### Work request
Where the records below show a line containing "Happy Socks Kousen zwart", start copying; end with the line containing "Tarihi Kurşunlu Han'da sanat konuşuyor", and copy it too.

### Crawled caption data

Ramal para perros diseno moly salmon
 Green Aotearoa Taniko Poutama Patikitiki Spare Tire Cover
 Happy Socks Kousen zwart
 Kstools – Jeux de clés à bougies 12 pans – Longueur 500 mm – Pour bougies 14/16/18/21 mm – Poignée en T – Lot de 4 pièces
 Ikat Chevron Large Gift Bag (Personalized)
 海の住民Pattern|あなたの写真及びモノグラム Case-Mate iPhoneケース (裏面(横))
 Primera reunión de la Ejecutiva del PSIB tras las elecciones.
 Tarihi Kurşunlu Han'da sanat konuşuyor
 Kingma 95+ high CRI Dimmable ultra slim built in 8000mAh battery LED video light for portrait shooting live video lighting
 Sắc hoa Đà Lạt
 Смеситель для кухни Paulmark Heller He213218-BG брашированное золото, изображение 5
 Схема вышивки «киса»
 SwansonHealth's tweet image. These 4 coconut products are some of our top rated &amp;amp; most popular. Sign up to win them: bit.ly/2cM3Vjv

### Solution to the exercise
 Happy Socks Kousen zwart
 Kstools – Jeux de clés à bougies 12 pans – Longueur 500 mm – Pour bougies 14/16/18/21 mm – Poignée en T – Lot de 4 pièces
 Ikat Chevron Large Gift Bag (Personalized)
 海の住民Pattern|あなたの写真及びモノグラム Case-Mate iPhoneケース (裏面(横))
 Primera reunión de la Ejecutiva del PSIB tras las elecciones.
 Tarihi Kurşunlu Han'da sanat konuşuyor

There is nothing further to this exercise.